May 08, 2005
prototyping ambient displays on Tiger
Tiger is proving an effective prototyping environment for ambient displays. Andrew has noted the use of Dashboard, which I'm going to play with next) but I've been using Quartz Composer.
It has some nice features that make it easy - reads RSS feeds for data input, works full screen, and can be used as a screensaver. An iMac or old iBook sitting in the corner can therefore easily be used as an ambient display.
The main disadvantage is that it's 2D (the display at least), with a fixed angle of viewing. It can, however, make sound, change colour, and distract you when it needs to. They feature one quality which the most glanceable ambient displays use - they pump photons (or not, when appropriate - the iMac features a light sensor that dims its breathing sleep LED when in the dark).
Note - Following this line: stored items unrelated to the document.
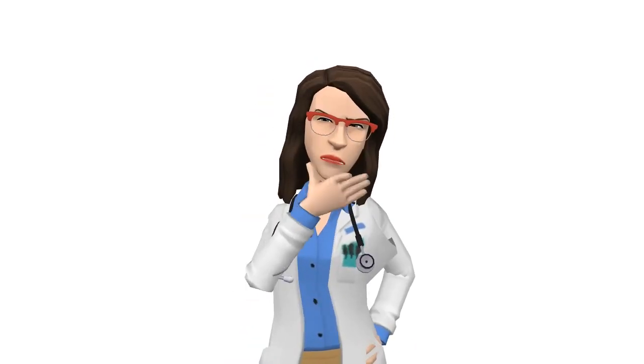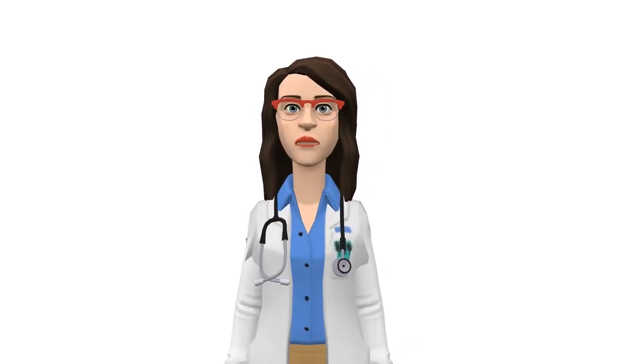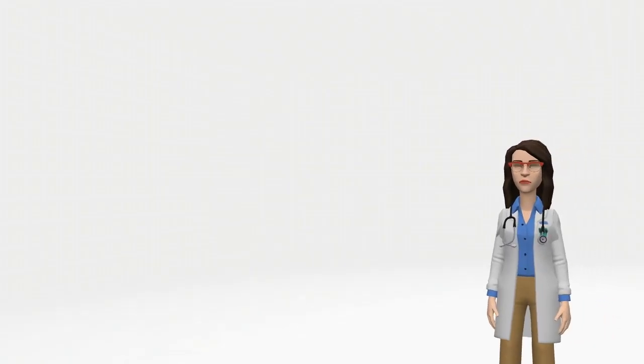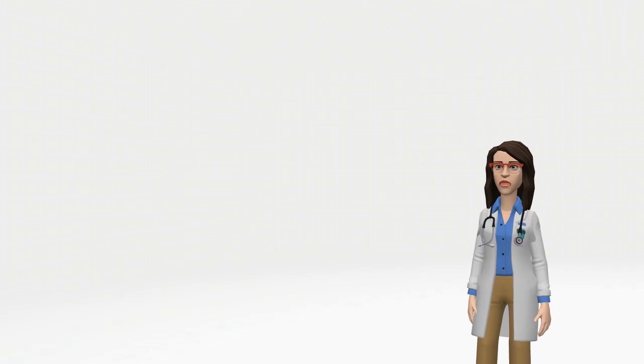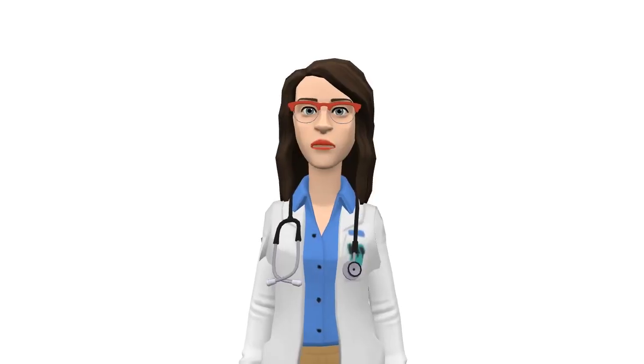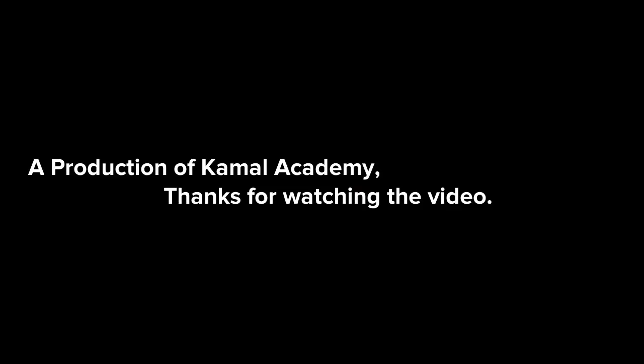Are you dehydrated? Do you know how to check dehydration? You can check your hydration or dehydration by checking your urine color. If your urine matches the colors numbered 1, 2, or 3, you are hydrated. If your urine matches the colors numbered 4 up to 8, you are dehydrated and you need to drink more liquids. A production of Camel Academy.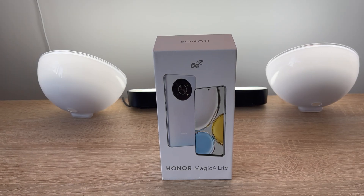Hey everyone, Ricky here from Ricky's Tech Talk. In this video we're going to set up the brand new Honor Magic 4 Lite. You may have just got your new device but how do you set it up? In a step-by-step way I'm going to go through the setup process.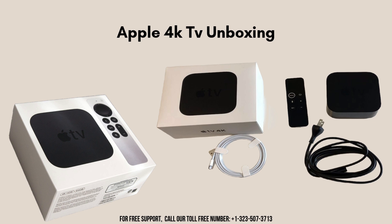Let's start with the product unboxing. When you unbox the Apple TV 4K, you'll find the main Apple TV 4K unit and the Siri Remote. The box also includes a power cord to connect the Apple TV 4K to an electrical outlet, ensuring it has the necessary power.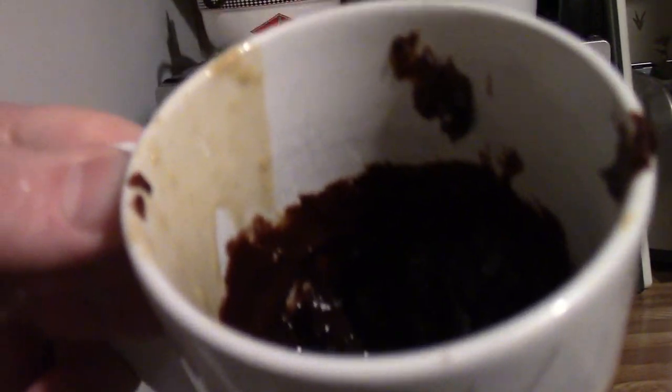Alright, so I've given it a minute. I'm going to sample a bite. Mmm — it's hot, but it's not thick like a cookie. No offense to Fit Waffle Kitchen, but your recipe is a fail — is a failure. Sorry. Anyway, thought I'd show you my attempt at making a microwave mug brownie.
There were three things I wanted to prototype - copies of Ambient Devices' Orb and Dashboard, and a version of the networked emoticon device (mixed with a hint of glancing). I'm halfway through the orb and the emoticon, but I've got a version of the dashboard working.
At the moment, it just reads slightly modified RSS feeds from my weather service. RSS truly is the universal data pipe for the Internet.
Quartz Composer is pretty easy - it's a visual programming environment designed for graphics and video. You can use Javascript in it, and apparently it's very good, but for this I've just wired together modules provided.

the programming flow for one of the gauges
My only problem is rendering simple primitive objects - like a straight line or a sphere. Maybe I'm missing something, but the main generators seem to be for complex objects, like plasma, 3d line grids, and, errr, teapots. The needles on the graphs are actually made out of a hundred lines or so, which is why it's pretty heavy on the processing. If anyone knows how to draw a simple 2d line, let me know.
The Quartz Composer file is here if anyone wants to play or hack or use it as a screensaver (Tiger users only). Note the RSS feeds are slightly modified URLs from standard, but it shouldn't be too hard to work out if you want to change cities.
Note the math isn't proper - I'm not doing any trigonometry. The great thing with this is that we can test to see if linear, log or any other movements are noticed and needed.
Update: just remembered that Quartz Composer can take video as an input - so you can use an iSight to project your displays in space!
Now we can all do virtual reality infographics a la Peter Snow.